RECORDED INFORMATION.
======
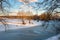 Frozen river on a winter day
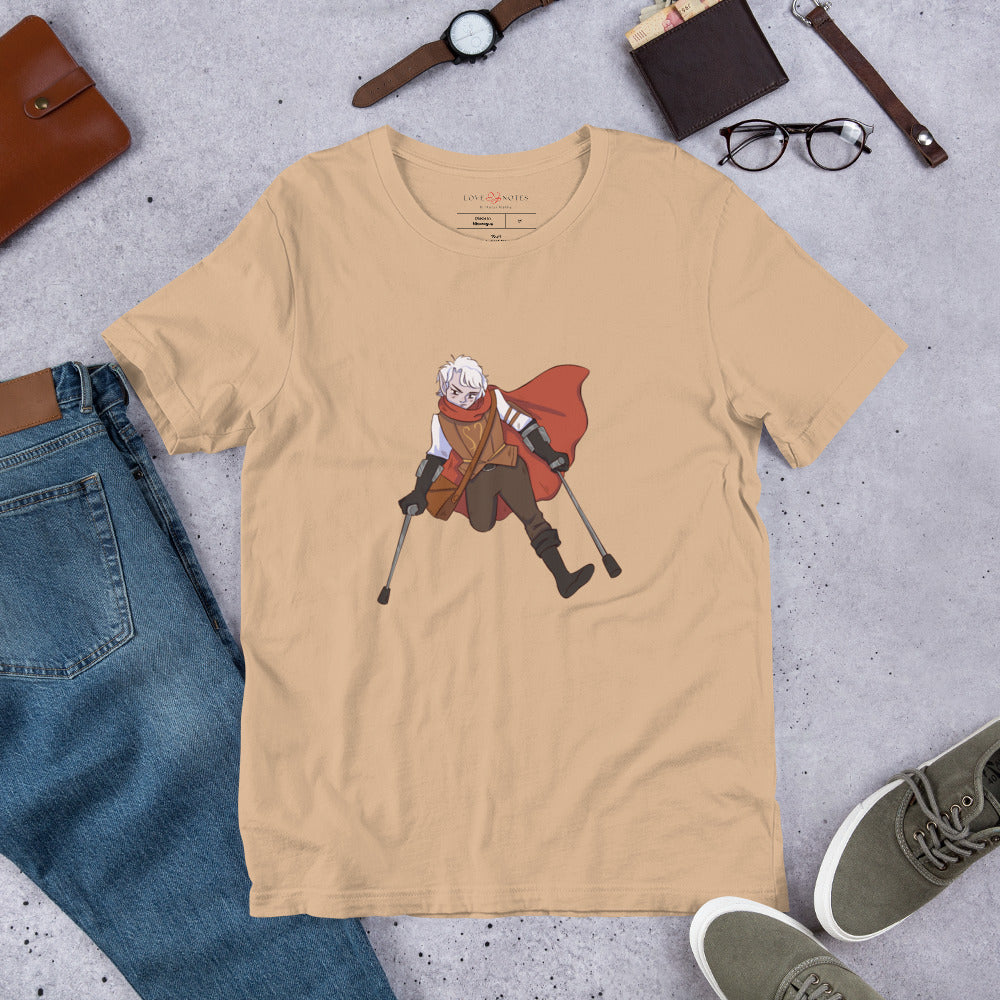 Unisex Tee: Fantasy Character with One Leg, Lower-Arm Crutches, Leather Bag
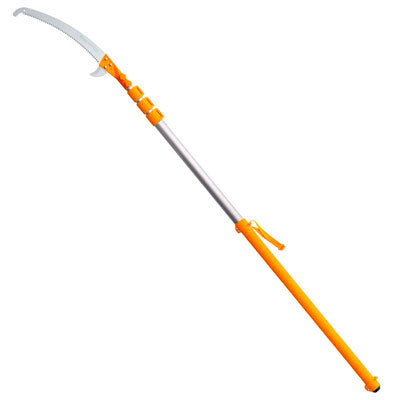 12 foot Silky Hayate Extending Pole Saw in orange and brushed aluminum.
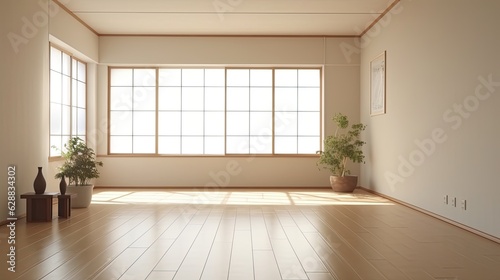 empty roomclean japanese minimalist room interior, generative ai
======
YOUR TASK.
Return the lines of the data above in full and exactly, with no pictures.

RESULT BELOW.
 Frozen river on a winter day
 Unisex Tee: Fantasy Character with One Leg, Lower-Arm Crutches, Leather Bag
 12 foot Silky Hayate Extending Pole Saw in orange and brushed aluminum.
 empty roomclean japanese minimalist room interior, generative ai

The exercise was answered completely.